(ATR) The International Ski Federation has banned pop violinist Vanessa-Mae for four years for helping rig races that allowed her to qualify for the Sochi Olympics.
A FIS panel "found to its comfortable satisfaction that the results of the four ladies giant slalom races that took place on 18 and 19 January at Krvavec were manipulated". The scam included adjusting times, inventing skiers who did not race and failure to change the second runs as is required under FIS rules.
The competitions were organised at the request of the management of Vanessa Vanankorn – the name Mae took from her Thai father – through the Thai Olympic Committee. The Krvavec competitions were the last opportunity for her to achieve the necessary FIS points to qualify for the Sochi Olympics.

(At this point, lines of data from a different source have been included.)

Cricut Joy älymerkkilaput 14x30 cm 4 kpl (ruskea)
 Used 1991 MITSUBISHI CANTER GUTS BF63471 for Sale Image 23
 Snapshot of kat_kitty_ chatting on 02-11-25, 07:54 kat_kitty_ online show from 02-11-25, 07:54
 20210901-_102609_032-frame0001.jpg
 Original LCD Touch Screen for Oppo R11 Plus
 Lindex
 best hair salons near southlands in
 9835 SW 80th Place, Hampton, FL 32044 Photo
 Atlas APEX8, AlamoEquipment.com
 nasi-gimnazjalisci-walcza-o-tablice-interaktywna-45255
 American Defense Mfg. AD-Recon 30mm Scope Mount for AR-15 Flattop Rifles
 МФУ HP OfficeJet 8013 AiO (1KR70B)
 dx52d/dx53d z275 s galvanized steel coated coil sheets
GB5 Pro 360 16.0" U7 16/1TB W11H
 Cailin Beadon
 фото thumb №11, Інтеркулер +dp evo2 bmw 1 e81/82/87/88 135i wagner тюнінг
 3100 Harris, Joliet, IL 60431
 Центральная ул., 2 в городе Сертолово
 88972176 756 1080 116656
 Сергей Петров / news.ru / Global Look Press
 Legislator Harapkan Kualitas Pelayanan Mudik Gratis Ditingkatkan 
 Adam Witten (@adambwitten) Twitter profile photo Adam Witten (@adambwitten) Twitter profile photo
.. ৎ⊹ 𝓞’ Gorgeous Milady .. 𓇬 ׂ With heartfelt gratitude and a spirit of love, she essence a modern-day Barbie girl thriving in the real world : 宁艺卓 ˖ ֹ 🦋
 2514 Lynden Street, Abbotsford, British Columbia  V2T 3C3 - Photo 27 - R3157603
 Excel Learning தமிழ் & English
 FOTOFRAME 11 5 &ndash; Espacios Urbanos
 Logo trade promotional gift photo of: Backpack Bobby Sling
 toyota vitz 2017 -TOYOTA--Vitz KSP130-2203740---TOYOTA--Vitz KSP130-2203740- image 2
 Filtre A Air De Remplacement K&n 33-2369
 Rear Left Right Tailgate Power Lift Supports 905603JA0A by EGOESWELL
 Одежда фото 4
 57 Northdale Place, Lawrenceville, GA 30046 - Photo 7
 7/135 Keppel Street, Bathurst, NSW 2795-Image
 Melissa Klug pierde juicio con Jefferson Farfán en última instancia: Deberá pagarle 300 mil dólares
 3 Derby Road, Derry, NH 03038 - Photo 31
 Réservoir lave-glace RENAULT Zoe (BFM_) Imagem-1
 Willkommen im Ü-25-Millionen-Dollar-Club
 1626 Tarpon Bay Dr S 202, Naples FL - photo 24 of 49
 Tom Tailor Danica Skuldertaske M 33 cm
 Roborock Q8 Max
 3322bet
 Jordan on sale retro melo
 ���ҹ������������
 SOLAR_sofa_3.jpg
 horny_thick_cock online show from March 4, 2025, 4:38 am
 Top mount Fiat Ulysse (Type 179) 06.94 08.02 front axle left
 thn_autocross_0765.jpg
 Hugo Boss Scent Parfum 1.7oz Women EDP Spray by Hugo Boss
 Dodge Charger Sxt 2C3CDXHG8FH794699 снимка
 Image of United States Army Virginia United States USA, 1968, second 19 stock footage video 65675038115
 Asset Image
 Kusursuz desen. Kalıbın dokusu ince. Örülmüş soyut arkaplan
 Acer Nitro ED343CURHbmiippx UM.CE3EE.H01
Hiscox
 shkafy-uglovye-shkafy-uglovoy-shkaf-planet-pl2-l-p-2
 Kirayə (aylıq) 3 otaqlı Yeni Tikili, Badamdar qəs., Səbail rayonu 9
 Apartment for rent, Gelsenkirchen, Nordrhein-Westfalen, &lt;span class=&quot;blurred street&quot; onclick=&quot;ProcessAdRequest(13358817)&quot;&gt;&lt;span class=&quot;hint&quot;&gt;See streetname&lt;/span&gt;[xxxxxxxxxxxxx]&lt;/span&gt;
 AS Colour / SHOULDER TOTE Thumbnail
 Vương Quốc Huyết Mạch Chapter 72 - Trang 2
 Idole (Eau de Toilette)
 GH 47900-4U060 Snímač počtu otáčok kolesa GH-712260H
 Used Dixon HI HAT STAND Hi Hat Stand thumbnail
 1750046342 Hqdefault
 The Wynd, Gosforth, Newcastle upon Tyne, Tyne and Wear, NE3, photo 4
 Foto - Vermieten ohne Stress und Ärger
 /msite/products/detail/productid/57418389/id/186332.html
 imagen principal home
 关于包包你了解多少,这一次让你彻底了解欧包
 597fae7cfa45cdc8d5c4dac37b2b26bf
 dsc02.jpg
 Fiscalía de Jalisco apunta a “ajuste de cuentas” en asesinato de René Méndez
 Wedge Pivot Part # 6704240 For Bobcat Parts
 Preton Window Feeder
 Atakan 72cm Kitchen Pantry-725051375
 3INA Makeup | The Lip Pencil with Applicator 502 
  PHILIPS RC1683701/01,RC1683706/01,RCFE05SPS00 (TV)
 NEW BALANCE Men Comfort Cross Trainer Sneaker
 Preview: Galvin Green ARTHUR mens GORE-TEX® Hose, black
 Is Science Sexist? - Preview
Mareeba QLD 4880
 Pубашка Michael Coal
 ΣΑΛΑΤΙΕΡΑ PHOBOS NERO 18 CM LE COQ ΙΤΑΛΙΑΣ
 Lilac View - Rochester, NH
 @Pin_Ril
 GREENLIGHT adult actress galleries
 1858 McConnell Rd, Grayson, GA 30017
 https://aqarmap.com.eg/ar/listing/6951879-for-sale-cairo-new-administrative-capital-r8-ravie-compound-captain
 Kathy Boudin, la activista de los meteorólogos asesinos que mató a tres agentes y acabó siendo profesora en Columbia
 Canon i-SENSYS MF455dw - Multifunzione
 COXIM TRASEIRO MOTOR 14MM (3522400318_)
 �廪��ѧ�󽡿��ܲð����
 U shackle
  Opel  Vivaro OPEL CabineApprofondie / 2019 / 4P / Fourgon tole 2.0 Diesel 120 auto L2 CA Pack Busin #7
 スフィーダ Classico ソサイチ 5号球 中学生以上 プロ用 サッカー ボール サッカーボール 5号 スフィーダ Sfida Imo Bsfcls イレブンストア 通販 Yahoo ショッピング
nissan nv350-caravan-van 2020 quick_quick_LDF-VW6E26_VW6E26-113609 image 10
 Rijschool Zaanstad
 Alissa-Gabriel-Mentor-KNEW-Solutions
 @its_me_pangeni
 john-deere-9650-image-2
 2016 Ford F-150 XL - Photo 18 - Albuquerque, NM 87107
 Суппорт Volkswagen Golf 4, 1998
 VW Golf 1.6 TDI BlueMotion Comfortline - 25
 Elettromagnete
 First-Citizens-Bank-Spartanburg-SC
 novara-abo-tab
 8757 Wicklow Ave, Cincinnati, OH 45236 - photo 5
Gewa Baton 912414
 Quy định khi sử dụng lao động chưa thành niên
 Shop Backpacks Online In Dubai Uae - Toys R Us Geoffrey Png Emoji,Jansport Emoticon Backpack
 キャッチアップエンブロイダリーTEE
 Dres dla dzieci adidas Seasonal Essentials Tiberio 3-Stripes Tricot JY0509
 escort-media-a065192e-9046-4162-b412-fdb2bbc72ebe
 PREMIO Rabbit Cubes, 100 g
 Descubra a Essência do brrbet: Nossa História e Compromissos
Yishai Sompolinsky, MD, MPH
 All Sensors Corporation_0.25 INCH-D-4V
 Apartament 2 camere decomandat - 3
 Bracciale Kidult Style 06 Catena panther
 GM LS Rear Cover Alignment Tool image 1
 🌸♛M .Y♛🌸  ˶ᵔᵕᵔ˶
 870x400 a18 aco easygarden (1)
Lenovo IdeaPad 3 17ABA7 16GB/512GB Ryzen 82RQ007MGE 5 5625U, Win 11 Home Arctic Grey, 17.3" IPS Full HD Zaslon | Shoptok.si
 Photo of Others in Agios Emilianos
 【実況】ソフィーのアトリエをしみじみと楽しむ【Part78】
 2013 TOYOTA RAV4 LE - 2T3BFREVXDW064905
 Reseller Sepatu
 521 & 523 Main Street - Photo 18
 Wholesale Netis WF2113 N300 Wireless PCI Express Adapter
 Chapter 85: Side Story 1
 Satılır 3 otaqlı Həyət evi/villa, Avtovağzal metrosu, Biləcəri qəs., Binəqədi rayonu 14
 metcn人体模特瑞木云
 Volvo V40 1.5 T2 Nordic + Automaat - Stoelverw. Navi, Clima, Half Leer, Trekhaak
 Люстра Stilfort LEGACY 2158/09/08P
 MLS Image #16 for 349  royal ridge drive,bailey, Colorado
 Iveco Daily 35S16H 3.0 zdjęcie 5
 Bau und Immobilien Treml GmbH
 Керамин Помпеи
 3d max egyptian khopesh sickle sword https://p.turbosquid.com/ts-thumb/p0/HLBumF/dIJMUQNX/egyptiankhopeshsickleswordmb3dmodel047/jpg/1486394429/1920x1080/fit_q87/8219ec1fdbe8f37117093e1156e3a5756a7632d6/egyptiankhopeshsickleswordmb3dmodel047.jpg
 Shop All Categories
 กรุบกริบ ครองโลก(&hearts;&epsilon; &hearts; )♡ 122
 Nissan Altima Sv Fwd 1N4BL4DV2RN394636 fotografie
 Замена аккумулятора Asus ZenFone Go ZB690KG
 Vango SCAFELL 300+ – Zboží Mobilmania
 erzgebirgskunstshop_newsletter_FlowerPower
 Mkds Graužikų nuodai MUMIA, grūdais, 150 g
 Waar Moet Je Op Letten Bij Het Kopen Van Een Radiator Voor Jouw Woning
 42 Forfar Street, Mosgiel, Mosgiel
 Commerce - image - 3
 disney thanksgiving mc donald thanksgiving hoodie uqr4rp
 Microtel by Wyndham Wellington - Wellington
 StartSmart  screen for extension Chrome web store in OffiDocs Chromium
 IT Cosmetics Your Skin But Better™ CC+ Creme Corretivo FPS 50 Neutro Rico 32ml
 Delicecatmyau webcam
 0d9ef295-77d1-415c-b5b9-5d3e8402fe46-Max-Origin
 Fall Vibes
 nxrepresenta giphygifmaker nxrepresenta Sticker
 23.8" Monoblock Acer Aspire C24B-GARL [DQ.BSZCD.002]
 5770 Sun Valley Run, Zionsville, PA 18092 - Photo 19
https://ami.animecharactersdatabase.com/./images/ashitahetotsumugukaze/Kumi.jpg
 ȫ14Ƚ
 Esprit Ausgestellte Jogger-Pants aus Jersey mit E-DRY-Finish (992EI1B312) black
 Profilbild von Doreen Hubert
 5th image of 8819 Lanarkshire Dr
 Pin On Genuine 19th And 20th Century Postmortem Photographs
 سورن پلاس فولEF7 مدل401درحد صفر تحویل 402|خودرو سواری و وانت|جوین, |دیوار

FIS said that without fixing races the 35-year-old, who was raised in Britain, "would not have achieved the necessary FIS point performance level to be eligible to participate in the Olympic Winter Games".
The FIS ruling followed an investigation in the summer by the Ski Association of Slovenia which "determined that violations had taken place at these competitions and imposed sanctions on certain persons within its jurisdiction". Its report was forwarded to FIS, whose decision to hand down sanctions on Tuesday followed written submissions and testimony at a hearing on Oct. 3.
At Sochi 2014, Mae raced for Thailand as Vanessa Vanakorn and finished last of the 67 competitors in the giant slalom.
FIS also banned four skiing officials from Slovenia and another from Italy for between one and two years for their involvement in the scam.
"At first we were laughing when we heard it. But then we realized it's quite a serious thing," FIS president Gian Franco Kasper told The Associated Press.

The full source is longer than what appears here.